Burma

Constitution Drives Wedge Into Peace Dialogue

By Lawi Weng 15 January 2016

NAYPYIDAW — Fundamental rifts emerged as more than 700 representatives of ethnic armed groups, political parties, civil society, the government and the Burma Army convened for a fourth day of political dialogue in the capital Naypyidaw on Friday.

Thursday’s talks, which focused largely on issues of federalism, wound down with a feeling of skepticism among many ethnic representatives, as the Burma Army stood by its demand that the 2008 Constitution be kept as the cornerstone of political decisions related to defense and security.

The military-drafted charter has been a recurrent obstacle throughout the peace process, as it does not provide the level of state autonomy demanded by ethnic minorities as requisite to lasting peace. Participants argued that tethering discussion to the document implies that ethnic armed groups will be required to disarm, and that states will not be guaranteed equal rights.

“They [the Burma Army] have not explicitly said that all ethnic groups have to disarm, but they keep saying that the discussion will be based on the 2008 Constitution,” said Nai Tala Nyi, a former executive member of the New Mon State Party (NMSP), who attended the Union Peace Conference this week as a representative of the intelligentsia. The charter stipulated that there be only one military in the Union, and army representatives have repeatedly suggested that non-state armed groups simply lower their guns and join the Burma Armed Forces.

Ethnic representatives said the central government is afraid that states may attempt to secede if given too much autonomy, though ethnic leaders have insisted that they are committed to staying in the Union if a political solution can be found.

“They are very worried that ethnic groups will secede,” Tha Main Tun, a central committee member of the Karen National Union (KNU), told The Irrawaddy on the sidelines of the conference. He said his colleague, Kweh Htoo Win, spoke forcefully about the issue on Thursday, but that military representatives responded with apprehension.

Nai Layie Tama, general secretary of the Mon National Party, said the ethnic groups and the government have “a very different idea” about what would qualify as an acceptable form of federalism.

“We want power to be based on the population [of respective ethnic states], but they want power to belong to the central government,” Nai Layie Tama said. “We are talking about equal rights, but they are talking about centralized power. We have very different points of view.”

The Union Peace Conference, which began on Tuesday, will continue until Jan. 16. The unprecedented meeting marks the first steps in the political dialogue, a new phase for the peace process, after a ceasefire was reached between the government and eight non-state armed groups on Oct. 15 of last year.

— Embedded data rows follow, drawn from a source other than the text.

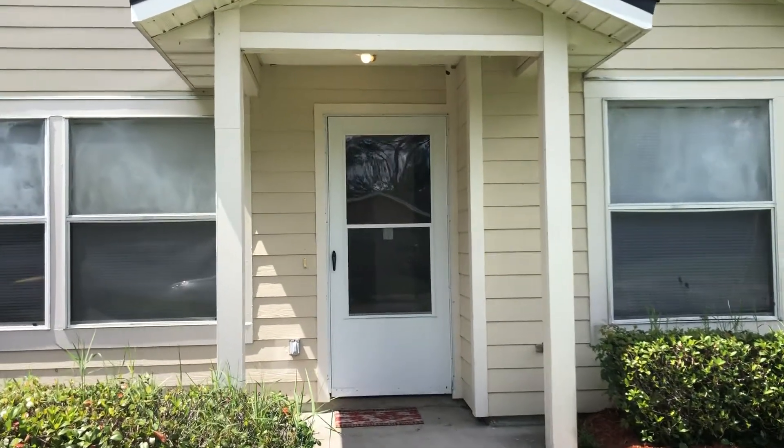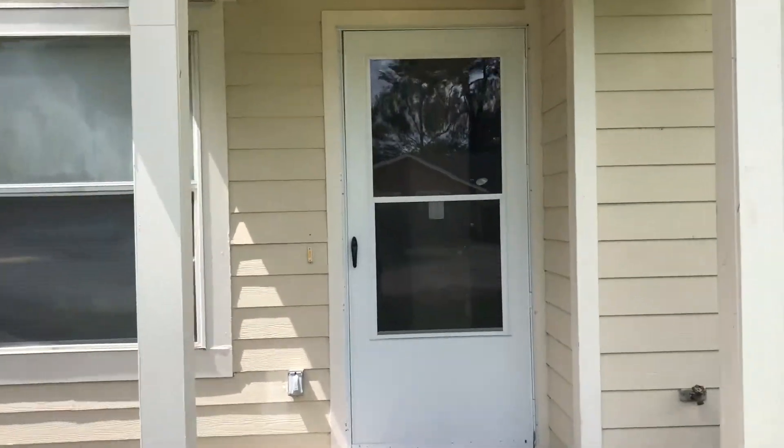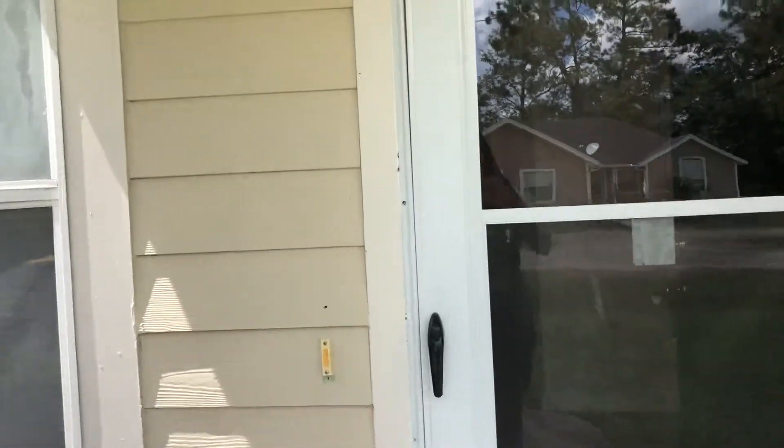Hi, this is Candace with JWB here at 2012 Golden Glow Lane to do a final walk on a four-bedroom, two-bathroom property here in Jacksonville, Florida.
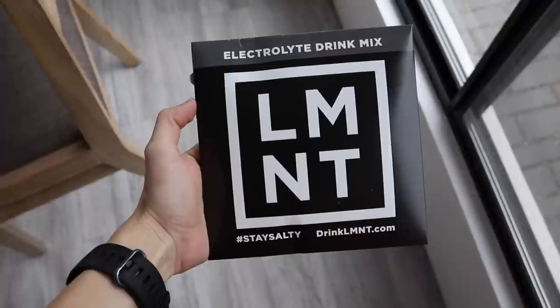My name's Autumn. I'm a certified clinical nutritionist with my master's in nutrition and human performance. And today's video is sponsored by Element.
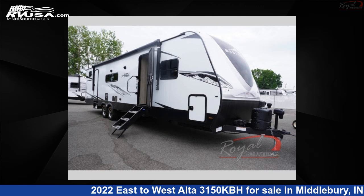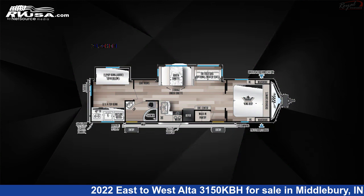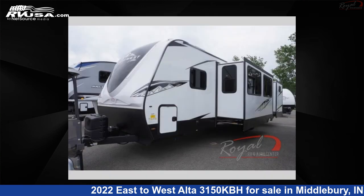This 2022 East to West Alta 3150 KBH is a travel trailer RV. It is located in Middlebury, IN 46540, and is offered for sale by Royal RV and Auto Center.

The accord was touted proudly by the administration of President Thein Sein as a “nationwide ceasefire agreement,” though it has been widely criticized for excluding a number of armed groups. Many others, including some of the country’s most power and influential non-state actors, refused to sign the pact out of solidarity with those left out and on account of ongoing conflict in several parts of the country.

A new government led by Aung San Suu Kyi will be formed in March, after her party, the National League for Democracy (NLD), swept a Nov. 8 general election by winning a majority in both houses of Parliament.

Suu Kyi has said that pursuing a lasting peace in the country, which is fractured by decades of civil war, will be the top priority of her administration. This week’s discussions are to be archived on the record and presented to the incoming government in advance of a second round of dialogue.